The Army Thanks Its Troops

by Virgil Huston

Hot steel
Blazing sun
Sweat pours
Clothes soaked
Preparation
for war
Broken souls
get pink slips
in the combat zone
But they will first
finish their tours
Used up and
thrown out
Saves money
But not us
Betrayed and
bewildered
We trusted them
New crop
New breed
Unsuspecting
They can’t see
yet
Future ones
to be broken
and discarded
The Army way
to thank soldiers

Virgil Huston was an Army Signal Corps soldier who worked in computer systems administration in Iraq from 2004-2005. He also deployed as an Army contractor in Afghanistan in 2011 and to Iraq as a State Department contractor in 2012, performing electronics maintenance on elevated sensor systems both times. 

Sunday’s War

by A. M. Gwinn

He’s writing about the war, in the room
where the dim glow flashes and crackles
in his Sunday dinner.
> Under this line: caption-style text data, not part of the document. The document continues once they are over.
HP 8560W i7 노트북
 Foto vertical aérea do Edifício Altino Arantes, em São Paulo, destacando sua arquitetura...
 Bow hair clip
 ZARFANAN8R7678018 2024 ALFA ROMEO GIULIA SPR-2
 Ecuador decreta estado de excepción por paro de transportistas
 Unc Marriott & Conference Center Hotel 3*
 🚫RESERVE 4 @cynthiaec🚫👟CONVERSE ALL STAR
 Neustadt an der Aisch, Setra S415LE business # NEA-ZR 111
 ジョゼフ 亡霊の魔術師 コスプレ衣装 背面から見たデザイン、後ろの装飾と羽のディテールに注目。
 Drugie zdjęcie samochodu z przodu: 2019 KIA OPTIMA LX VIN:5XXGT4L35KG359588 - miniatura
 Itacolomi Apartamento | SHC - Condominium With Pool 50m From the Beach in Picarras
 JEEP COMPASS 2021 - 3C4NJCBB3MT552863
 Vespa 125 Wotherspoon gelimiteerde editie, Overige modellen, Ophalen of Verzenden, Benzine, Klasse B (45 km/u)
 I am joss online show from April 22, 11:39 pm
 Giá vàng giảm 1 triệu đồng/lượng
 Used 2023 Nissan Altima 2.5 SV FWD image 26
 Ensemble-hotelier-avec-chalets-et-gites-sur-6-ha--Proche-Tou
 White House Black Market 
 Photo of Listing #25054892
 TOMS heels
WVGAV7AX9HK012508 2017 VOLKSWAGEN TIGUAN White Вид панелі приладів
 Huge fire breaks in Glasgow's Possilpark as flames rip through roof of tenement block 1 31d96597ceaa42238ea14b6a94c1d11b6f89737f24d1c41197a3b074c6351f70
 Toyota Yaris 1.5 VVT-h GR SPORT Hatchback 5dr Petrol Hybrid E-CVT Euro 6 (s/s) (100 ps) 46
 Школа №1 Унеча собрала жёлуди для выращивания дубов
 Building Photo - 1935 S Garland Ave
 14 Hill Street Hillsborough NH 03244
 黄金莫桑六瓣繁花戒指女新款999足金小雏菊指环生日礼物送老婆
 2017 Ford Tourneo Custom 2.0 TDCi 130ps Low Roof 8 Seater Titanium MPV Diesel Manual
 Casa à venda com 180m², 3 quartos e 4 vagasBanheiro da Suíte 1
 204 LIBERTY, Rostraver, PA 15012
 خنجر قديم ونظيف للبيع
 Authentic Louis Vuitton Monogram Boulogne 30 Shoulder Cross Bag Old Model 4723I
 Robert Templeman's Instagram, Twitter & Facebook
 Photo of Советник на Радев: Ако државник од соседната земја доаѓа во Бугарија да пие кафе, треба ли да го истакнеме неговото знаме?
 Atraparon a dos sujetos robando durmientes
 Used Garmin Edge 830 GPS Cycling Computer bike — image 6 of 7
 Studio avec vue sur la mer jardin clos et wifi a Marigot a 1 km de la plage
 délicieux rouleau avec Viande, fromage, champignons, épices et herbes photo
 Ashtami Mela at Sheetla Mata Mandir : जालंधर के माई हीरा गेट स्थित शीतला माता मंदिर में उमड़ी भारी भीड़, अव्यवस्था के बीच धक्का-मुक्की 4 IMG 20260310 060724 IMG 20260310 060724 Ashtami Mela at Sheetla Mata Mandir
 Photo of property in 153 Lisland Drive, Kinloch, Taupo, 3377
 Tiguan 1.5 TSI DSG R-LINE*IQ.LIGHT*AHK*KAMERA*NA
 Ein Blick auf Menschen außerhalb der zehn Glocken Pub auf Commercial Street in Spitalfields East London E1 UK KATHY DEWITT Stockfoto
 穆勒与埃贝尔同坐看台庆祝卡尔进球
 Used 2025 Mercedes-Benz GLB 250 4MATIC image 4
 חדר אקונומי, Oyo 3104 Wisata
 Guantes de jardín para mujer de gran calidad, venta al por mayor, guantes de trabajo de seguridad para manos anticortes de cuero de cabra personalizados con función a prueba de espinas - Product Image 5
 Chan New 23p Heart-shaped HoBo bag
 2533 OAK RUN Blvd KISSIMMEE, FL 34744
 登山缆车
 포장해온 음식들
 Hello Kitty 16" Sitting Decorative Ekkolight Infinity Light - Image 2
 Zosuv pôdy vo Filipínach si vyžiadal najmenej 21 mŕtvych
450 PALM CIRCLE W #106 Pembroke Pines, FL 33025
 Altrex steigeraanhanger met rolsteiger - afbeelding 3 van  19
The children have
been sent to their rooms, drowsy and full.

But the metaphors refuse to coagulate
in the blood spilling like milk or curl
like the bodies, melting from the burn,
into snakes of esses and oh’s.

“Daddy!”

The screams rise like a tower, rip through
his chest as Titanic was opened to water.
From the room of painted butterflies and
faeries; wings unsinged and unfurled, pink
palms stretch upward, their eyes a church
service, lilting like baby birds, “Daddy, tuck us in.”

A.M. Gwynn is the daughter of a retired veteran. She writes poetry and short fiction. Her recent work will be featured in forthcoming issues of War, Literature and the Arts, Fiction Southeast, and Sleet Magazine. Her work has also appeared in Grey Sparrow Journal, Boston Literary Magazine, Nailed Magazine, and Muddy River Poetry Review. She resides in Germany.

Homecoming

by Jeff Drifmeyer

(On the occasion of the return of soldiers of the Army’s 3rd ACR to the cold plains of Ft. Hood, TX, 0200 hrs., Saturday, 10 Jan, 2009.)

Flood lights illuminate a ‘ghost formation’ of duffle bags,
Adjacent a small mountain of backpacks and rucksacks await,
Hard to imagine, our beloved soldiers endured 15 months with only what they could carry.

Inside, the old gym had seen many a big game, but never looked better.
Walls covered floor to ceiling, all manner of signs, posters, and banners of proud kid’s work.
Happy messages; ‘love you,’ ‘welcome home,’ and ‘thank you,’ in red, white and blue.

The DJ didn’t have to hype the crowd.
‘Born-in-the USA’ blaring!
Spouses, children, parents, grandparents, friends, relatives –all anxiously wait.
After 15 long, hard months, the countdown of days, now down to minutes…

“They’re here!” the announcer suddenly proclaims.
In they file, proud and orderly, onto the gym floor, in formation, and..,
the whole place explodes with raucous JOY!

Welcome home beloved soldiers,
Land of the free, Because You Are the Brave!
Finally, my daughter is safely home from war.
Thanks be to GOD.

After “winning” the first draft lottery (circa 1969), Jeff Drifmeyer joined the USMCR and served six years in aviation support. After graduate school he joined the Army Medical Service Corps and served for 20 more years. His oldest daughter returned safely after 15 months with 3rd ACR in Mosul. Jeff has self- published two books, a military thriller on bioterrorism and a work of narrated non-fiction, “Civil War Comes Home.” He appreciates the growth and support of the College of William & Mary Veterans Writing Project.